Continuous Ranked Probability Score (CRPS)

Module Interface

class torchmetrics.regression.crps.ContinuousRankedProbabilityScore(**kwargs)[source]

Computes continuous ranked probability score.

C R P S (F, y) = \int_{- \infty}^{\infty} (F (x) - 1_{x \geq y})^{2} d x

where $F$ is the predicted cumulative distribution function and $y$ is the true target. The metric is usually used to evaluate probabilistic regression models, such as forecasting models. A lower CRPS indicates a better forecast, meaning that forecasted probabilities are closer to the true observed values. CRPS can also be seen as a generalization of the brier score for non binary classification problems.

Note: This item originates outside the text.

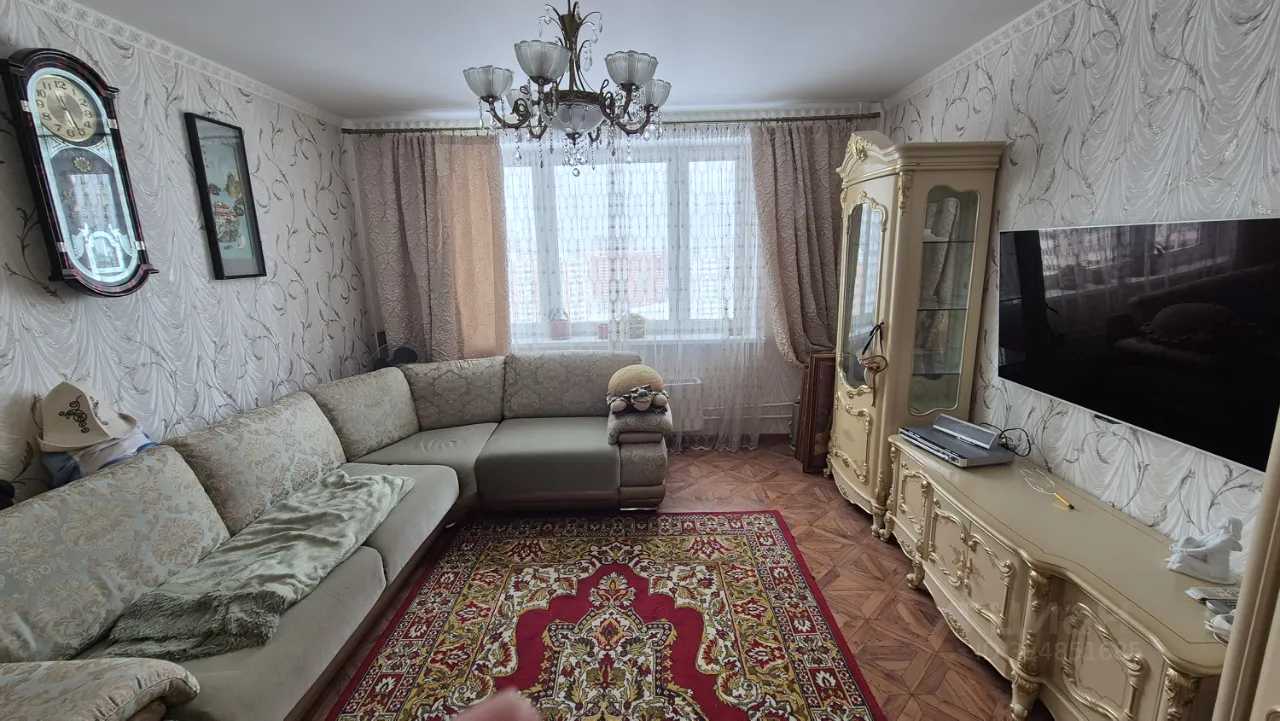 3-комнатная квартира, 76,1 м² — фотография 2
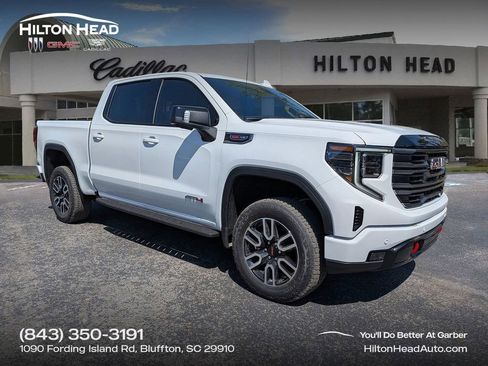 New 2026 GMC Sierra 1500 AT4 image 1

As input to forward and update the metric accepts the following input:

preds (Tensor): Predicted float tensor with shape (N,d)
target (Tensor): Ground truth float tensor with shape (N,d)

As output of forward and compute the metric returns the following output:

cosine_similarity (Tensor): A float tensor with the cosine similarity

Parameters:

reduction – how to reduce over the batch dimension using ‘sum’, ‘mean’ or ‘none’ (taking the individual scores)
kwargs (Any) – Additional keyword arguments, see Advanced metric settings for more info.

Example

>>>>>> from torch import randn
>>> from torchmetrics.regression import ContinuousRankedProbabilityScore
>>> preds = randn(10, 5)
>>> target = randn(10)
>>> crps = ContinuousRankedProbabilityScore()
>>> crps(preds, target)
tensor(0.7731)

plot(val=None, ax=None)[source]

Plot a single or multiple values from the metric.

Parameters:

val (Union[Tensor, Sequence[Tensor], None]) – Either a single result from calling metric.forward or metric.compute or a list of these results. If no value is provided, will automatically call metric.compute and plot that result.
ax (Optional[Axes]) – An matplotlib axis object. If provided will add plot to that axis

Return type:

tuple[Figure, Union[Axes, ndarray]]

Returns:

Figure and Axes object

Raises:

ModuleNotFoundError – If matplotlib is not installed

>>>>>> from torch import randn
>>> # Example plotting a single value
>>> from torchmetrics.regression import ContinuousRankedProbabilityScore
>>> metric = ContinuousRankedProbabilityScore()
>>> metric.update(randn(10,5), randn(10))
>>> fig_, ax_ = metric.plot()

>>>>>> from torch import randn
>>> # Example plotting multiple values
>>> from torchmetrics.regression import ContinuousRankedProbabilityScore
>>> metric = ContinuousRankedProbabilityScore()
>>> values = []
>>> for _ in range(10):
...     values.append(metric(randn(10,5), randn(10)))
>>> fig, ax = metric.plot(values)

Functional Interface

torchmetrics.functional.regression.continuous_ranked_probability_score(preds, target)[source]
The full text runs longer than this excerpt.